One thing I would emphasise is that the world of being pregnant, giving birth, and having a new baby can be intense if you are not cis-female. I'm a person who identifies as genderqueer/non-binary, and I have had some very dark moments around this in my experience already (was pregnant and gave birth to a baby who is now nearly one). Be prepared for pretty much everyone and every mainstream service you connect with to assume you are female/a woman. You will be called mum, all the time. If you think that will bother you, then steel yourself! And have resources handy that might help others to support you appropriately. For example, this resource may be useful for any lactation educators:
www.milkjunkies.net/2012/03/tips-for-transgender-breastfeeders-and.html

As you identify as a trans man, you may feel very wrong about being pregnant, or you could feel fine about it! Some of it could be to do with support structures (and it's great that you have your family backing you!) but there would be an element that you may not be able to predict or do anything about. I wonder whether some visualisation would help you here? Step by step from conception through to birth through to breast/chest feeding (if you intend to) and anything else you may be unsure of. If you haven't already, I would say read people's experiences about being pregnant etc, how it feels in their body. Everyone is different of course, but it could help you be a bit more confident about your choice to try to conceive (if you choose that, in the end!)

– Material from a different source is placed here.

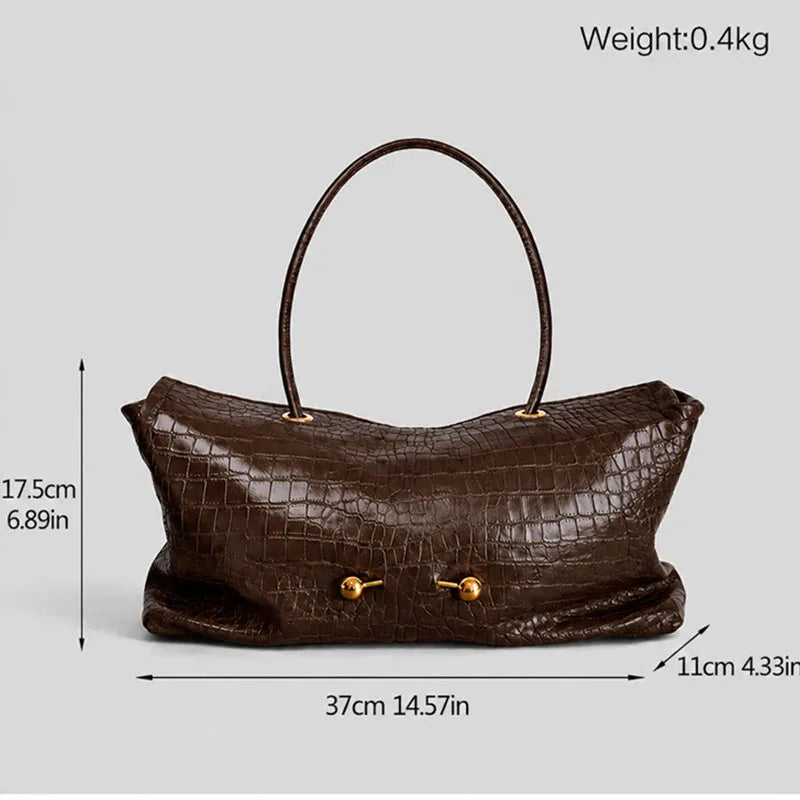 Crocodile embossed leather shoulder bag with dimensions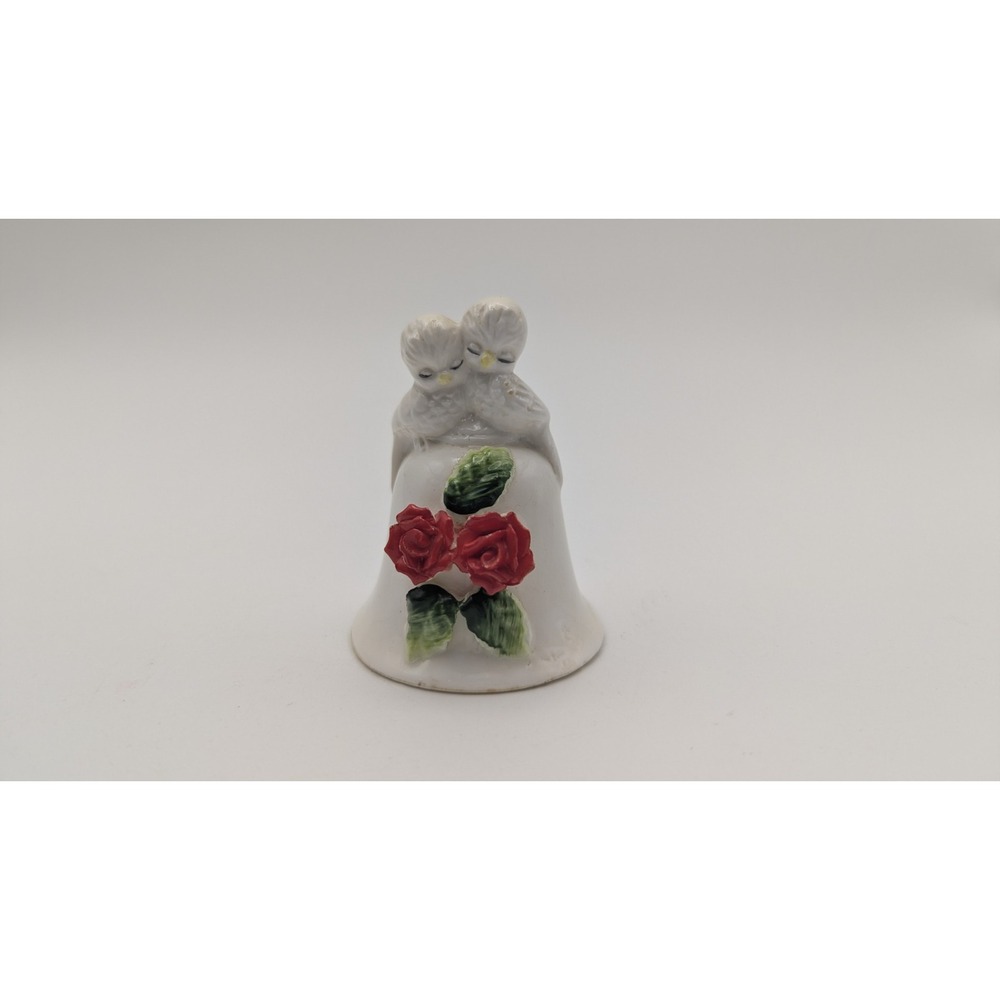 Vintage Enesco Bone China Love Birds Bell Red Roses White Dove Figurine Taiwan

Apart from that, all the general advice about whether it's a right time to have a baby applies. Some would say it's never the perfect time. That said, some times are better than others. In the end, it's about whether you are willing and able to make it work, if/when/how it happens for you. Do you feel ready to let your life be transformed by the joys, fear, chores and fun of being a parent?

I wish you well, whatever you choose x

SookiesSocks · 26/03/2017 10:41

The thread is 5 months old since the last reply. I doubt the OP is still around.

Also its just female. No need for this cis bit.